The inquiry is one of several confidential probes by policing agencies that have never resulted in criminal charges, but have generated extensive information about the way Australia’s immigration system is being scammed by organised crime syndicates.

Several serving law enforcement officers, who confidentially briefed the Trafficked investigative series, said the role of Australian-based overseas student education providers in helping crime syndicates had been a persistent problem for border security officials. The providers supply student visas for foreign nationals who don’t intent to study and instead join what experts have called an “underclass” of exploited foreign workers.

Trafficked is a project led by The Age, The Sydney Morning Herald, 60 Minutes and Stan’s Revealed documentary program that has exposed the wholesale exploitation of Australia’s border security and immigration system by criminal syndicates involved in human trafficking and other crimes.

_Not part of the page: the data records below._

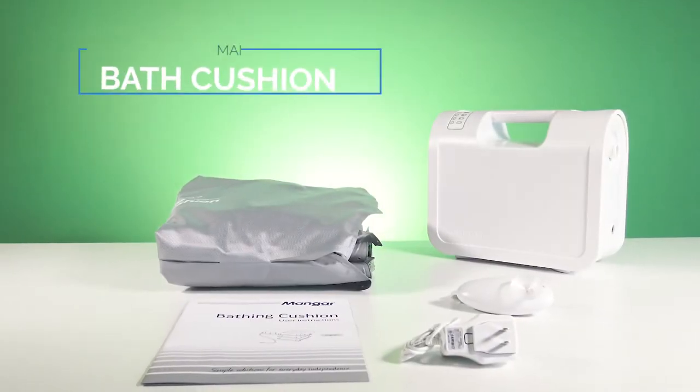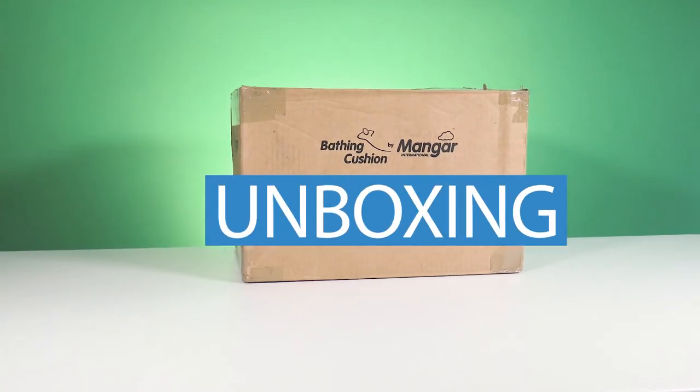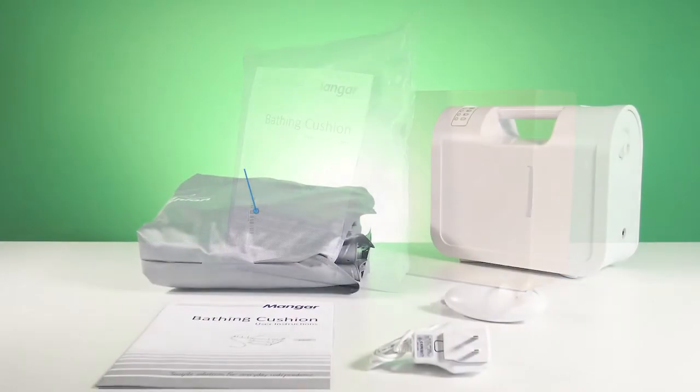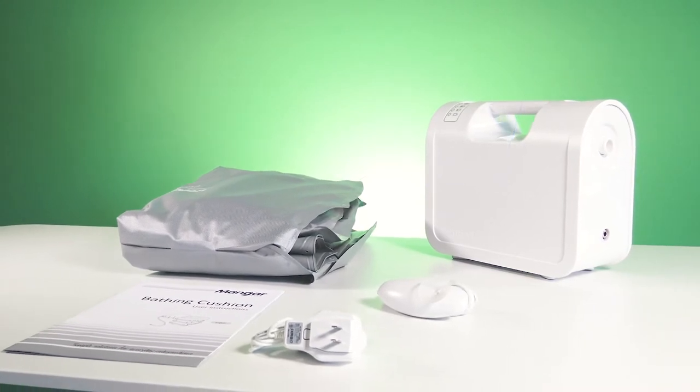Mangar calls its bathing cushion the world's most comfortable bathtub lift, and when you compare it to other bathtub lifts, it's hard to argue otherwise. Inside the box you'll find an elegant yet simple solution that makes use of pneumatic battery-powered lifting technology, deflating to lower you into the tub then inflating to help you get out.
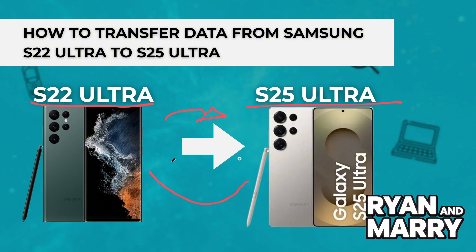Whether it's contacts, photos, apps or settings, we've got you covered. Let's get started.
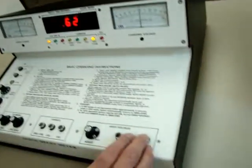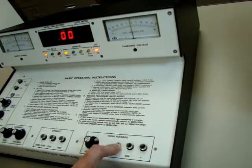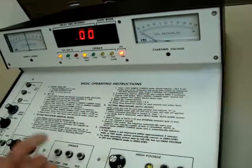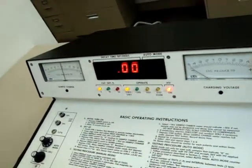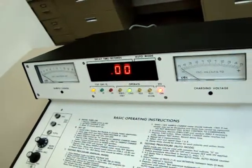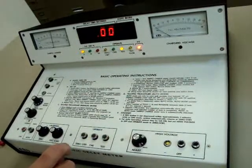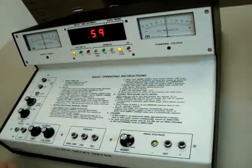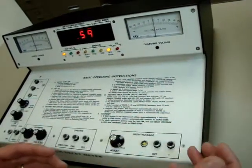Now, to show you the negative side, we turn the high voltage off and turn the negative high voltage on. Again, make sure we're in zero standby with the sample charge meter at zero. We hit charge — it reads about 5 kV — and we hit test. Notice this LED comes on first, and we're reading 0.59 seconds on this side. So the negative side is reading about the same as the positive side.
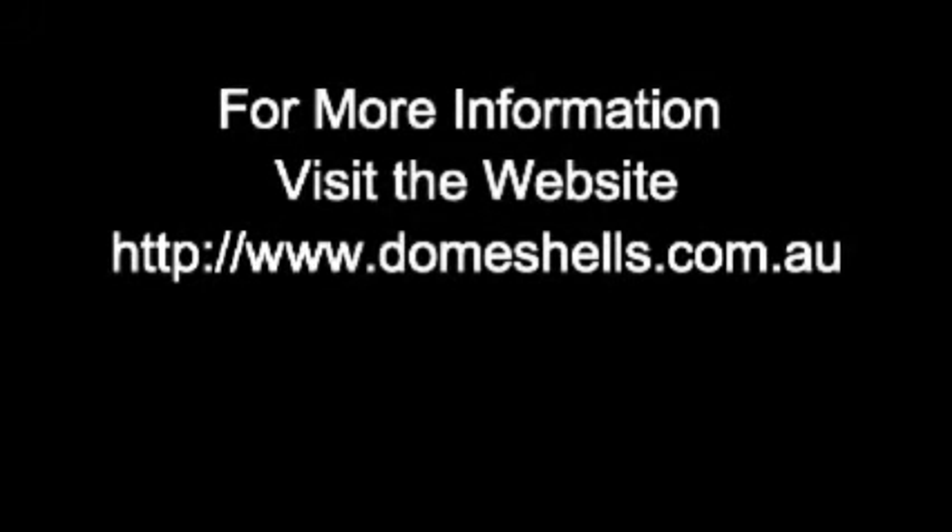I'll just finally finish by saying everybody that attends this course will need to get themselves a national construction health and safety ticket, which you can do online. There will be more details on the website about how you can do that. Otherwise, I really look forward to seeing you all on the course, on the workshop. It's going to be amazing.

None of the 14 Australian colleges identified as corrupt have faced criminal sanction and most remain open.

In a statement, the Department of Home Affairs said the overseas student education sector, along with the agents who recruit students and help arrange visas, are monitored by the Tertiary Education Quality and Standards Agency and the Australian Skills Quality Authority. Colleges and agents are required under the law to act with integrity.

Trafficked can also reveal how investigators have uncovered the systemic rorting of the English language testing system meant to protect the integrity of Australia’s immigration system.

One federal investigation targeting a Chinese organised crime syndicate run by a suspected prolific English language test rorter has uncovered how the network has helped hundreds of foreign nationals obtain Australian visas fraudulently over the past decade, many of which have subsequently been cancelled.

English language tests are used by the Australian government to assess if foreign nationals are eligible for a range of different visas.

The suspected boss of the “English test rort” crime syndicate is a Sydney man who has reaped multi-million dollar profits by facilitating suspect visas over multiple visa streams. They include skilled visas, student visas, business sponsorship visas and the “golden ticket” high-wealth investor visas that Home Affairs Minister Clare O’Neil this year acknowledged were at risk of abuse.

The syndicate advertises on Chinese language websites, boasting of having facilitated “many successful applications over the last few years” and promising “personalised migration packages for clients” seeking to gain permanent residency in Australia.

“The fastest time to obtain PR [permanent residency] is three months, which will save you much time and effort,” one online advertisement states.

The crime network boss has continued to operate despite the Department of Home Affairs stripping him of his migration agent’s licence in 2016 after implicating him in the rorting of English language tests.

Official sources said that after being denied his licence, the boss has continued to operate his visa scam business, working with a large network of migration fixers to obtain visas by fraudulent means.

Visa applicants are suspected to pay the fixers up to $200,000 to arrange for others to sit the English language tests they must submit as part of their visa applications, or, to create a false relationship or business sponsorship visa case. English testing centres overseas and in Australia have been corrupted by syndicates, according to official sources.

In a statement, the Department of Home Affairs said it had a “Deed of Agreement with each of the test providers, which outlines requirements such as candidate identity verification, reporting, and score verification processes”.

This week, Trafficked revealed how border security failures had enabled a sex-trafficking boss jailed in Britain to set up a suspected trafficking operation in Sydney; how federal government licensed migration agents suspected to be engaged in falsifying visa applications had retained their government licences; and how multiple Australian education providers were created to facilitate endemic visa rorting.

In response to the revelations, O’Neil and Immigration Minister Andrew Giles said an investigation had started after an urgent meeting on Monday of the heads of the Australian Border Force, Home Affairs and the Australian Federal Police.